Thursday, June 25, 2009

Obligatory Jackson Post

I don't take a lot of vacation. When I do, seminal figures tend to drop dead. Last year it was Jesse Helms. Tragic? Not so much. This year while I was slathering on sunscreen down by the shore, Ed McMahon coughed up his last guffaw, Farrah Fawcett truly became an angel and Michael Freakin' Jackson moonwalked off to another realm. I was sitting in a seaside bistro with my family, about to rip into a half pound burger I did not need, when my cell phone began to vibrate. 'In case you haven't heard,' the text read, 'Michael Jackson is dead.' HUH? A check with the chatty waitress confirmed it: the self-annointed King of Pop had indeed kicked it. What followed was a delicate dissertation on the Michael Jackson canon; one in which I danced around the Jesus Juice, the nose-melting surgery binges, the molestation charges, the cryogenic sleep chamber, the fact that he named one of his kids 'Blanket'... What I tried to convey to my two daughters was that that once upon a time the crazy white woman the Brits call 'Wacko-Jacko' was a young black man who just happened to be the most exciting entertainer on the planet.

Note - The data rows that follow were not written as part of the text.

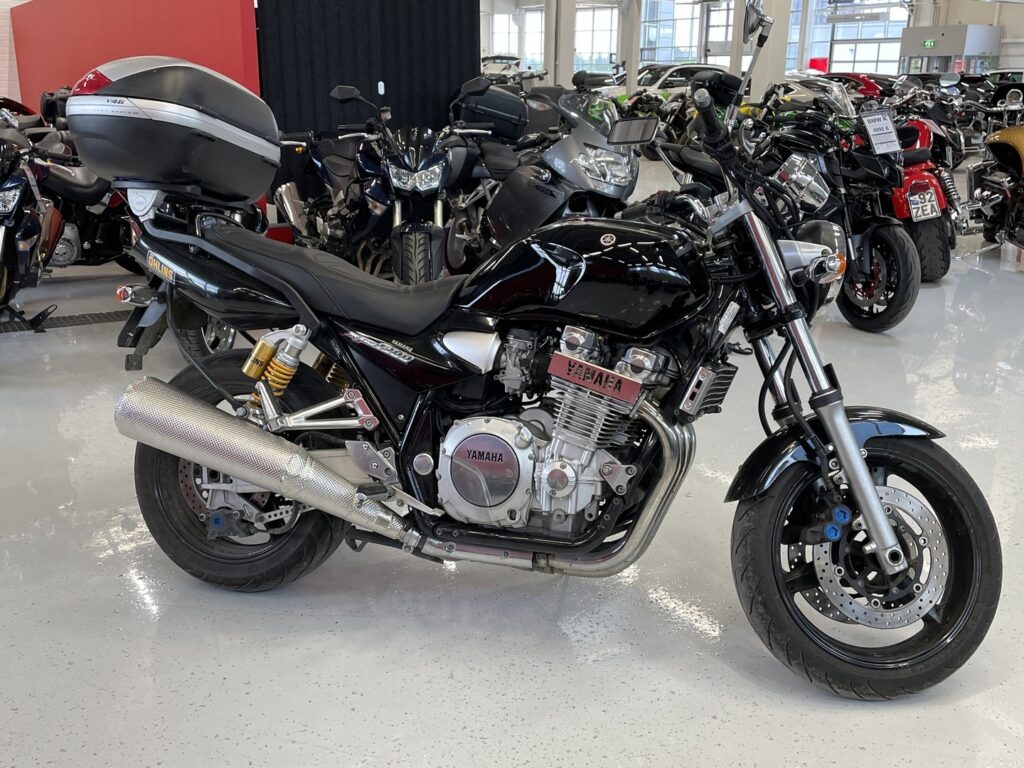 Yamaha - XJR - 1300 // Suomi pyörä / Öhlins / Laukku // Yamaha - XJR - 1300 // Suomi pyörä / Öhlins / Laukku // - Moottoripyörä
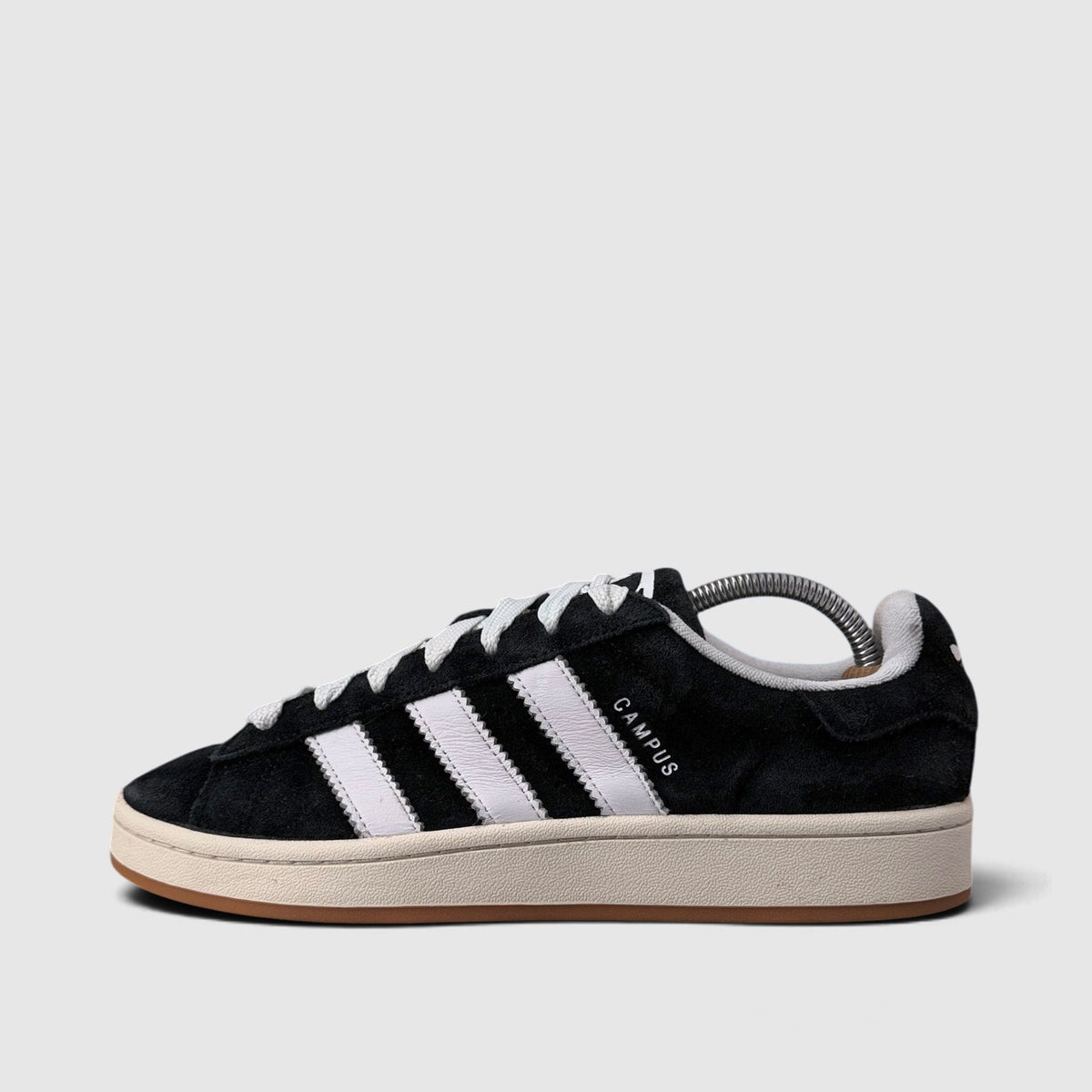 Adidas Campus Black White Gum, buty sportowe męskie w bardzo dobrym stanie rozmiar 42, boczny profil, lewa strona
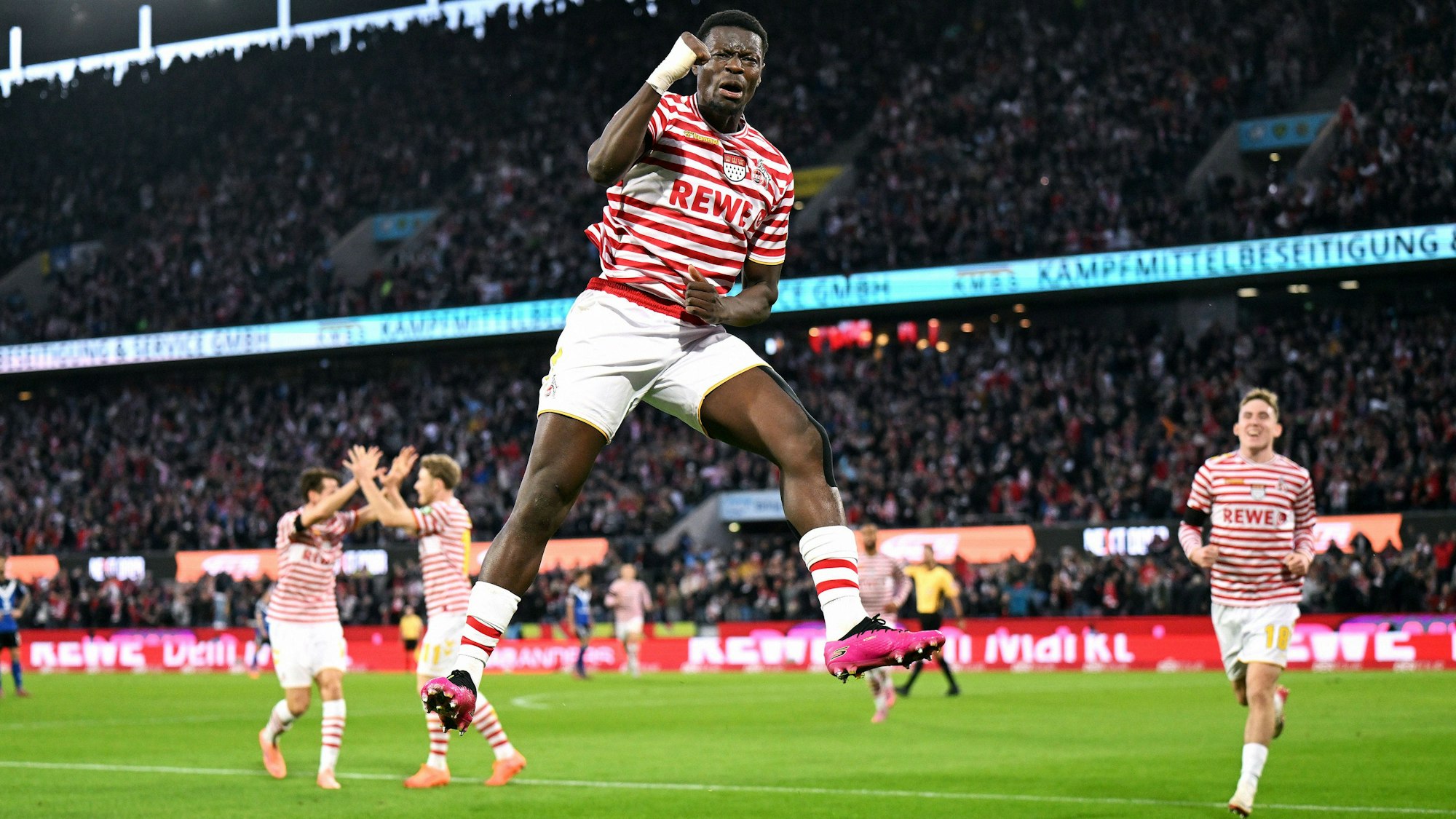 Ragnar Ache jubelt über ein Tor für den 1. FC Köln.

I was 15 when 'Thriller' came out. While not a typical Motown fan I was a follower of The Isley Brothers (thanks to my older bro's vinyl collection) and deeply enamored with MTV. Back then, Music Television was just that - a 24 hour cable channel that played incredibly new inventions called 'viddy-oze'. I was hooked. And while I couldn't identify with 'Billie Jean' and 'Beat It' quite like I could, say, 'Jack and Diane', even a rhythm-free bookworm like myself could not deny the infectious lure of the dude with the one white glove. Hell, for awhile he made high-waters cool! And while I may never have rocked a red sequined jacket, I damn sure bought 'Thriller' on cassette and danced to it in my room when I was sure no one was looking. If any other survivor of the 1980's tells you different, they're lying.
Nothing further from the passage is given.